Data records
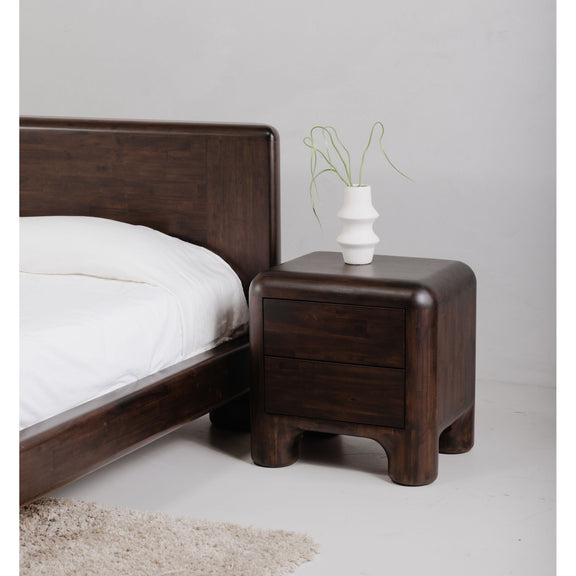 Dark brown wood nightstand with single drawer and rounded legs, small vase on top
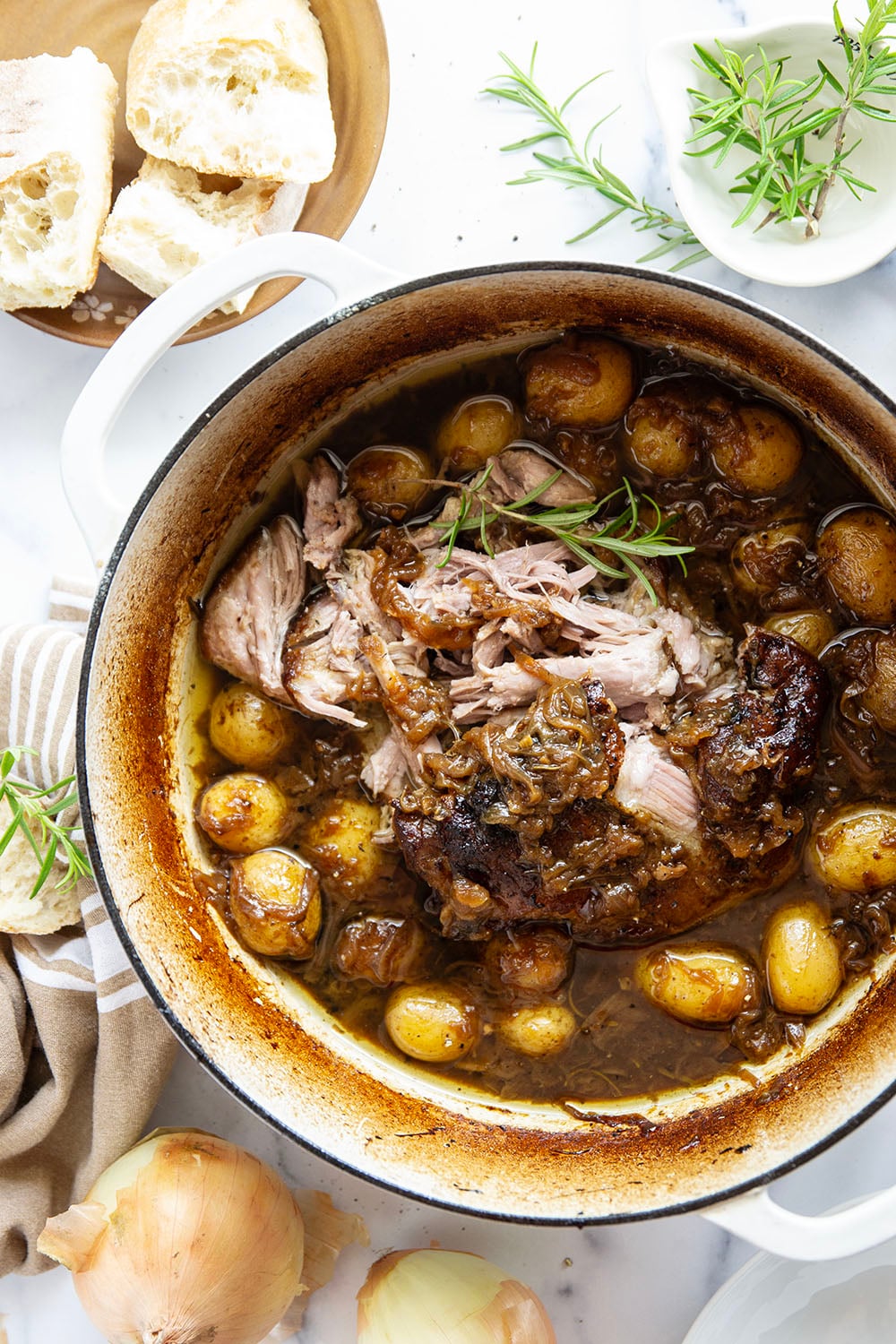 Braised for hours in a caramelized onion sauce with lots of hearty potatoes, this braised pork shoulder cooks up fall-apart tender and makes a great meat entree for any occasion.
---
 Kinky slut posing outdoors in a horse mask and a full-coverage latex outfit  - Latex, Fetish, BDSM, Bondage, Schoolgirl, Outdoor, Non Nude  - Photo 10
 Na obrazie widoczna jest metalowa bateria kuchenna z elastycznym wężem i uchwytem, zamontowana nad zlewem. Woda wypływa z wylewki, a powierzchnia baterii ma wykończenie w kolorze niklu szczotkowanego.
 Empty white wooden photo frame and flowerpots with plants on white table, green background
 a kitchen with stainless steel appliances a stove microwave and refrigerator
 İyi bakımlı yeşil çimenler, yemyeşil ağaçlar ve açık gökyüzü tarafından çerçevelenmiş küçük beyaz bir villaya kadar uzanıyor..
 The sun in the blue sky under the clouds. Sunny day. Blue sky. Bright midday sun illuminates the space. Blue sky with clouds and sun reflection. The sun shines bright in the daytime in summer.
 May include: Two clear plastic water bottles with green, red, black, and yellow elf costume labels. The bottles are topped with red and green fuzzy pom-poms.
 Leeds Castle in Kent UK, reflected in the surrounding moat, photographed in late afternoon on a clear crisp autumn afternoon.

Your task
Using the data above, reproduce exactly the lines from the line that contains "Na obrazie widoczna" through the line that contains "İyi bakımlı yeşil", including both.

Written solution
 Na obrazie widoczna jest metalowa bateria kuchenna z elastycznym wężem i uchwytem, zamontowana nad zlewem. Woda wypływa z wylewki, a powierzchnia baterii ma wykończenie w kolorze niklu szczotkowanego.
 Empty white wooden photo frame and flowerpots with plants on white table, green background
 a kitchen with stainless steel appliances a stove microwave and refrigerator
 İyi bakımlı yeşil çimenler, yemyeşil ağaçlar ve açık gökyüzü tarafından çerçevelenmiş küçük beyaz bir villaya kadar uzanıyor..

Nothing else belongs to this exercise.